PostPosted: Sat Jan 05, 2013 11:37 am    Post subject: Reply with quote

[quote="rdjones] Two Rock and Fuchs are the two that I read about most often being compared to Dumble, but I've never played through a real Dumble to be able to say. I have played through every Rivera era Fender, own (or owed) several and have some experience recording with a stock '83 Concert 112. (I was a Fender dealer during the Rivera era)
The official names for these amps are "Concert 112", "Concert 210", "Concert 410", and "Concert Top". The "II" never appeared on any amp, in the catalog or on the schematic. I can agree with numerous accounts that say the clean channel is great and that while the lead channel has plenty of gain the sound character is not inspiring. I have no doubt that it's a good mod platform if done properly.[/quote]

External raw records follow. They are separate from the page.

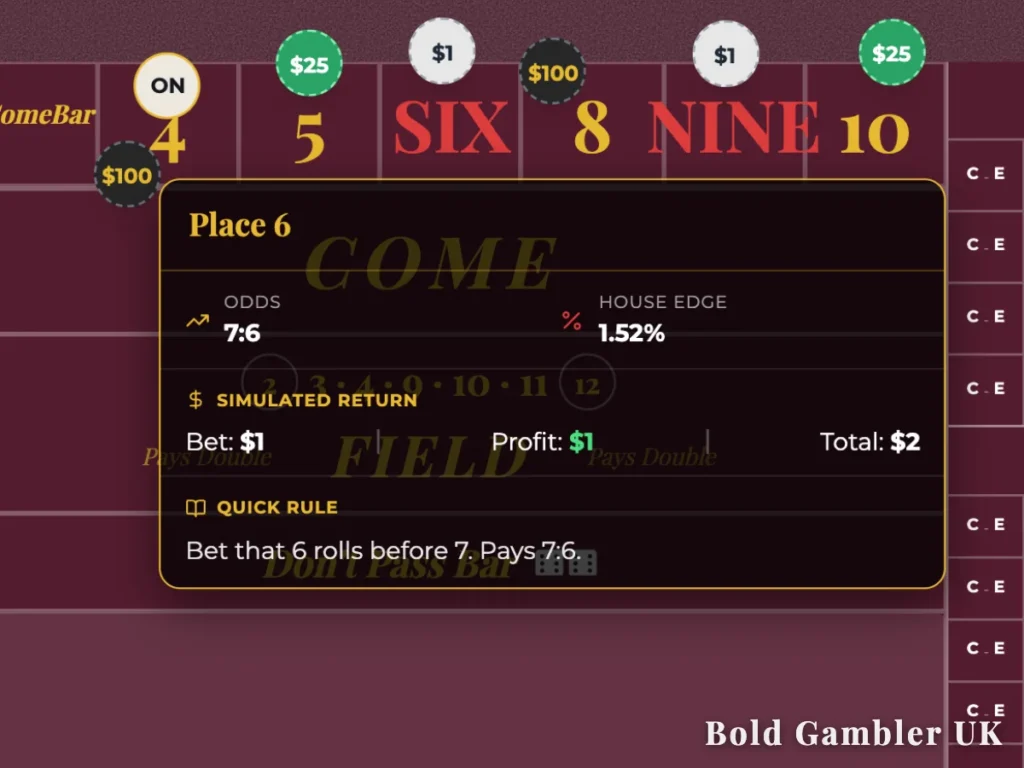 A close-up of the craps table layout focusing on the box numbers 4, 5, SIX, 8, NINE, and 10 with active betting chips and an ON puck over the 4.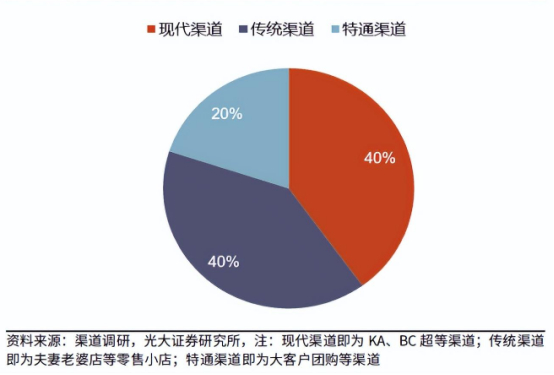 资料来源：光大证券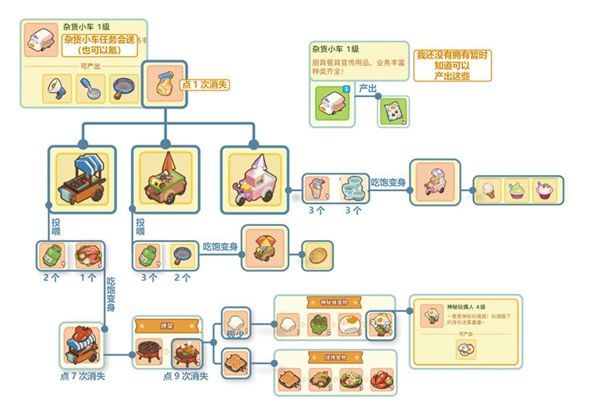 肥鹅健身房杂货小车获取方法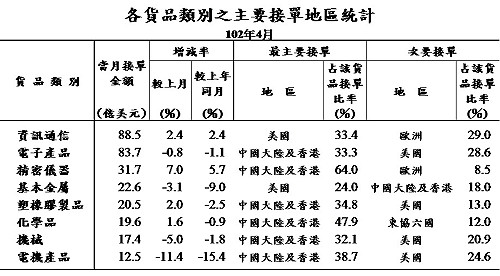 4月外銷訂單跌  較去年同期少4億美元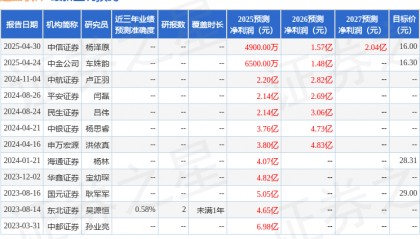 民生证券：给予超图软件买入评级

Yes, REJones. I've also noticed that some of the Paul Rivera Amps
are not labled "II". Most refer to the P.Riveras from 1983-1986 as
Fender II amps. The Concert II does not have the "II" on the faceplate
as the Twin Reverb II does have the "II".

From Wiki: The Fender-II Series amplifiers were produced from 1982 until 1986, being the last Fender amps to be made at Fullerton. The specifications for these amplifiers, and leadership of the design team, came from Paul Rivera (then marketing director) and are known as "Fender Rivera Era" amplifiers. Some Rivera Era amplifiers within the series used the "II" moniker such as the Deluxe Reverb II and Twin Reverb II, while others such as the Concert and Super Champ did not. Many of these amps had the normal Fender clean sound and in addition a switchable mid voiced gain channel, designed to compete with the Mesa Boogie Mark Series series amps that had gained popularity at the time.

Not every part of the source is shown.